Andando con ordine, la concentrazione sull’area euro sarà principalmente sui dati di produzione industriale di giugno. In tal senso, gli analisti si attendono un recupero sia in Spagna (+0,4 per cento su base mensile) che in Italia (dove il recupero sarà di entità più lieve, e compreso tra 0,1 e 0,2 per cento su base mensile). Il recupero non dovrebbe comunque essere talmente significativo da poter spostare le attese di un rallentamento del PIL nel trimestre primaverile rispetto a inizio anno, come ampiamente prevedibile. Per quanto concerne gli altri dati in orbita area euro, ricordiamo come le vendite al dettaglio dovrebbero registrare un calo di 0,3 per cento su base mensile a giugno lasciando la dinamica trimestrale in semi stagnazione.

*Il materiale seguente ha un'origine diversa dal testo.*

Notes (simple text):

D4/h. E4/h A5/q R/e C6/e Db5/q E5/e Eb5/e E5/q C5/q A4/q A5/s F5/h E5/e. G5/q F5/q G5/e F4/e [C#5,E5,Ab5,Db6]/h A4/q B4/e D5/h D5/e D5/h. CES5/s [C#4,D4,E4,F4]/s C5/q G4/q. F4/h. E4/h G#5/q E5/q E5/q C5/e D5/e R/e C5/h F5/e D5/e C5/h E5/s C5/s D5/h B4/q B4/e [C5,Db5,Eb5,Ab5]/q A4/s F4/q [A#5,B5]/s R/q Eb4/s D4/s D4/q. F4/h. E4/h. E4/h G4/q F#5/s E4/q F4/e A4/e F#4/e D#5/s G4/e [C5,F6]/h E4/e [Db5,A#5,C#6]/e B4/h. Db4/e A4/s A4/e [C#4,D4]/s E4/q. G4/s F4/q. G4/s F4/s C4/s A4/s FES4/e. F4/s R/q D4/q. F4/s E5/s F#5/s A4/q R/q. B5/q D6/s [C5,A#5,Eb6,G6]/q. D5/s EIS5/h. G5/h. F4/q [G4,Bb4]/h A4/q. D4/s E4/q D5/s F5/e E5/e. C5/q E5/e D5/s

Sicuramente più importante sarà la settimana di dati sul calendario macro economico degli Stati Uniti. Qui le principali informazioni arriveranno dall’employment report di luglio, che dovrebbe registrare un incremento di occupati di circa 150 mila e una stabilizzazione del tasso di disoccupazione al 4,8 per cento. Se così fosse, sarebbero praticamente dimenticati gli scivoloni dei dati apparsi qualche mese fa, dimostrando agli scettici che – inoltre, la flessione era stata ricondotta esclusivamente a un rallentamento fisiologico all’interno di un trend più ampio e vivace, e influenzata da fattori non ripetibili (sciopero Verizon).

Invece, gli indici ISM dovrebbero correggere modestamente a luglio dopo gli ampi aumenti visti a giugno sia nel manifatturiero sia nei servizi. A giugno, la spesa in costruzioni è infine prevista in rialzo dopo due mesi di debolezza e la bilancia commerciale dovrebbe registrare una modesta riduzione del deficit.

Come intuibile, eventuali forti delusioni dei dati statunitensi potrebbero rinvigorire parzialmente la forza dell’euro, che tuttavia prevediamo ancora in un’ottica di prolungata debolezza, potenzialmente accentuata a settembre, quando diverrà ancora più palese la divergenza di politiche monetarie tra Fed e Bce.